Half of Biopsies for Bladder Cancer Inadequate for Staging

Veronica Hackethal, MD

October 24, 2014

Almost half of biopsy specimens for bladder cancer may be inadequate for proper staging, and low-quality biopsies are associated with higher mortality, according to a study by UCLA researchers published online October 22 in Cancer.

"This study demonstrates that many patients with bladder cancer are getting inadequate bladder biopsies and are likely being treated in a way that may not reflect their true stage," commented Karim Chamie, MD, assistant professor of urology and surgical director of the bladder cancer program at UCLA.

Inadequate bladder biopsies, in which there is no bladder wall muscle in the specimen, are associated with worse outcomes, Dr Chamie added. Although cancer staging is often considered the most important predictor of life expectancy, as well as an important determinant of treatment, staging is significantly less likely to be accurate with an inadequate biopsy, Dr Chamie explained.
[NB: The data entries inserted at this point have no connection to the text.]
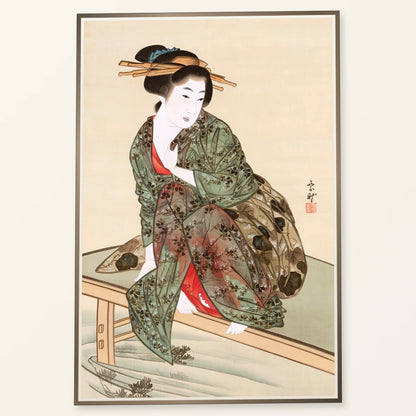 Japanese Woman By A Stream (1830s) Vintage Painting By Mihata Jōryū — Japanese Ukiyo-e japanese ukiyo-e print by SaamCrafts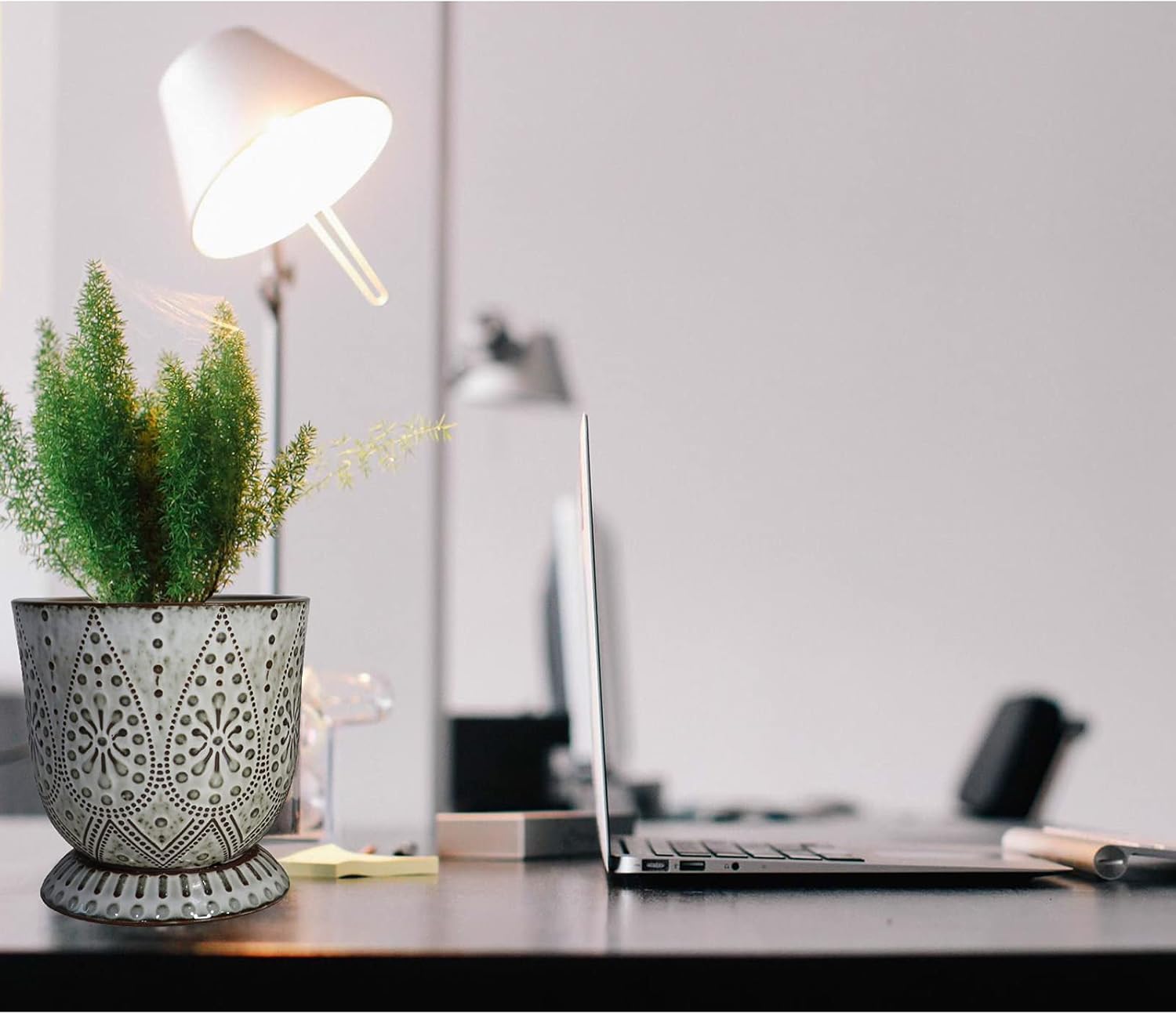 Gepege 6 Inch Beaded Ceramic Planter Set of 2 with Drainage Hole and Saucer for Plants, Indoor-Outdoor Large Round Succulent Orchid Flower Pot (Smoked Gray, Inner-pots not Larger Than 5 Inch)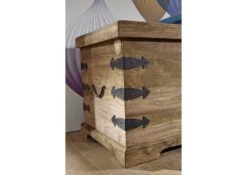 LEEDS #33 Cassapanca In Legno Di Sheesham - Oliato / Grigio 90x47x50 -Massivmoebel24 09 370 750 0745 3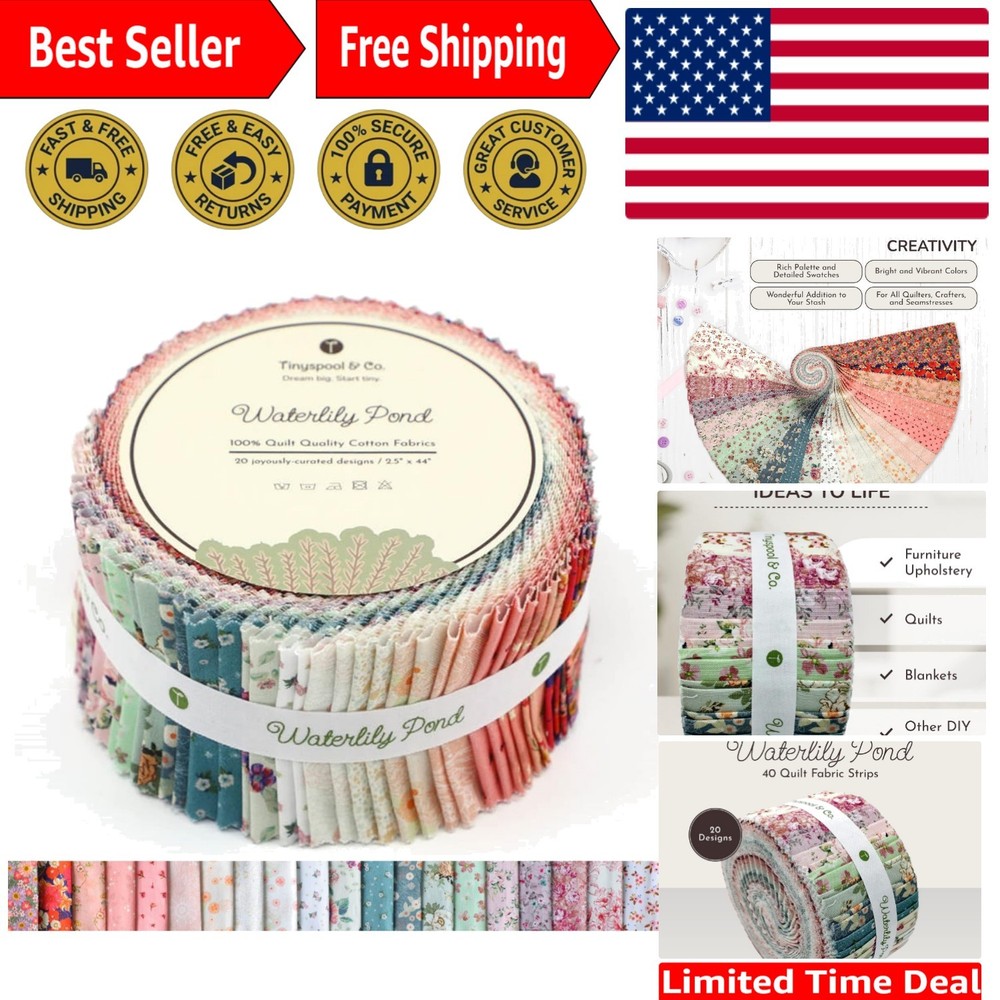 40 Precut Cotton Fabric Strips – Floral Waterlily Pond for Quilting & Crafts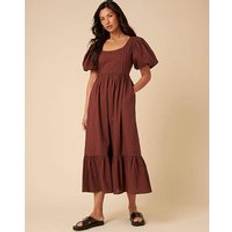 Mimi Midi Short Puff Sleeve Cotton Dress - Brown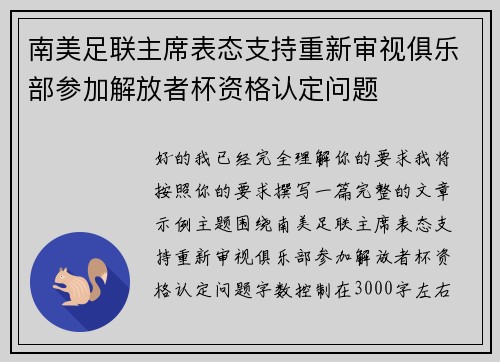 南美足联主席表态支持重新审视俱乐部参加解放者杯资格认定问题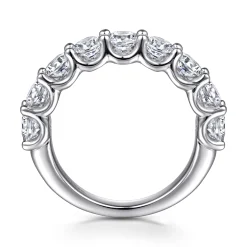 Best Gabriel & Co. Feline - 14K White Gold Scallop Setting 9 Stone Diamond Anniversary Band - 2 ct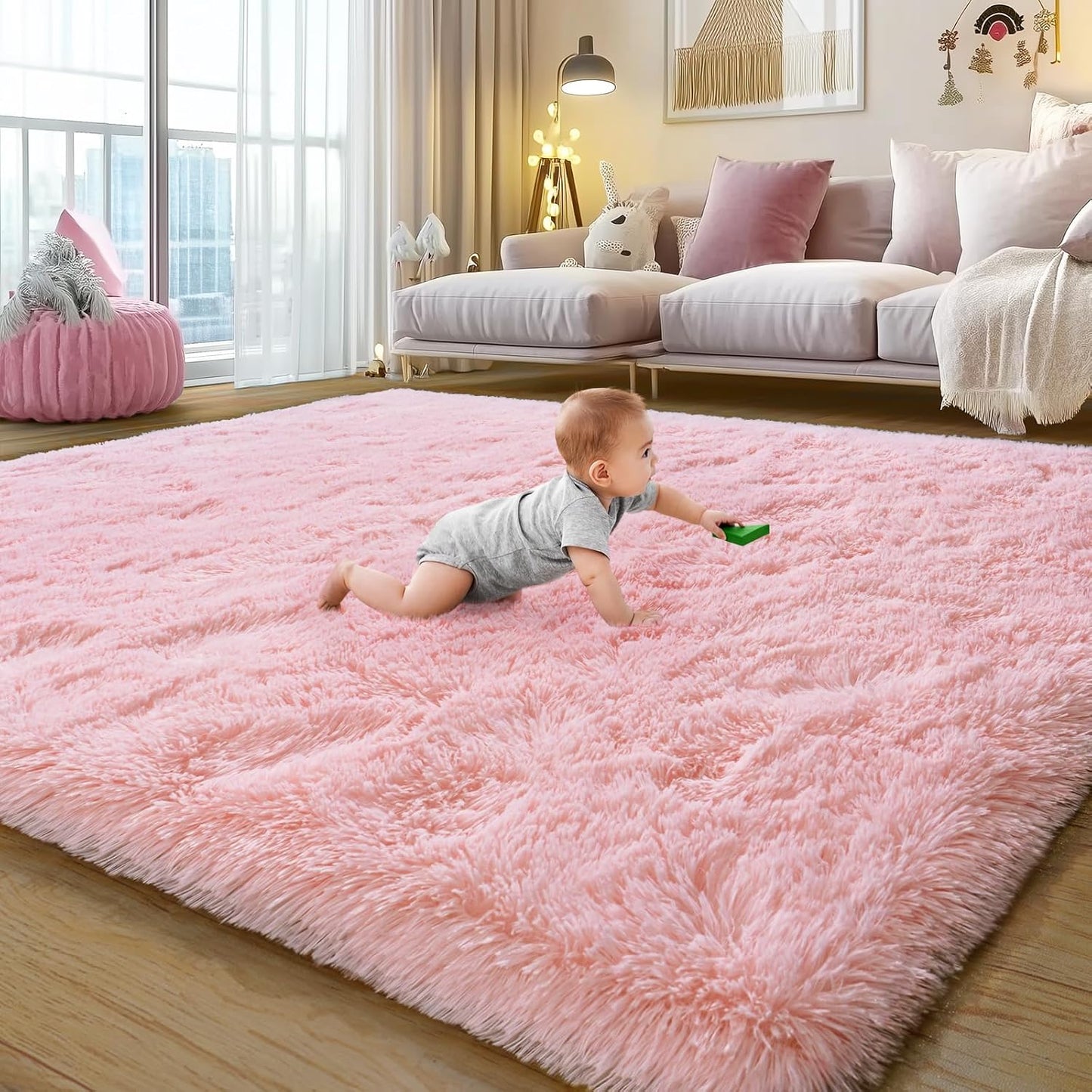 Ultra Soft Pink Rugs for Bedroom 8x10 Feet, Fluffy Shag Area Rugs for Living Room, Large Comfy Furry Rug for Girls Kids Baby Room Decor Teenage Pastel Princess Rug, Non Slip。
A possible reason could be that physicians may perceive that deep biopsies could violate tenets of the Hippocratic Oath to "first do no harm," according to Dr Chamie.

"Urologists oftentimes don't want to take deep biopsies because they don't want to perforate or rupture the bladder," Dr Chamie told Medscape Medical News. "Deeper biopsies may also be associated with more pain or bleeding."

Inadequate staging, however, may actually place patients at risk for much greater harm by creating the belief that that the cancer is less aggressive than it truly is, Dr Chamie continued. Urologists may be unable to predict which patients should undergo deep biopsies at the time of diagnosis. Moreover, the aggressiveness of the tumor needs to be determined through microscopic examination by a pathologist.

"We must turn to our colleagues in pathology and societal organizations to help integrate the quality of the biopsy in the staging of the cancer," Dr Chamie asserted.

Using data from the Los Angeles National Cancer Institute Surveillance, Epidemiology, and End Results (SEER) Program, researchers reviewed medical records and operative reports for patients across Los Angeles County who had been diagnosed with noninvasive bladder cancer from 2004 to 2005. They also looked to see whether pathology reports mentioned the presence or absence of muscle. Then they looked at associations between biopsy quality and survival.

The study did not include information on comorbid conditions and tobacco use. Additionally, researchers did not have access to pathology slides for review, which could have limited the study.

The analysis included 1865 patients with a median age of 73 years. The majority were male (73%) and white (69.8%). Researchers reviewed records written by 335 urologists and 278 pathologists. About 52% of initial pathology reports mentioned muscle as present; 30% mentioned muscle as absent; and almost 18% did not mention muscle at all.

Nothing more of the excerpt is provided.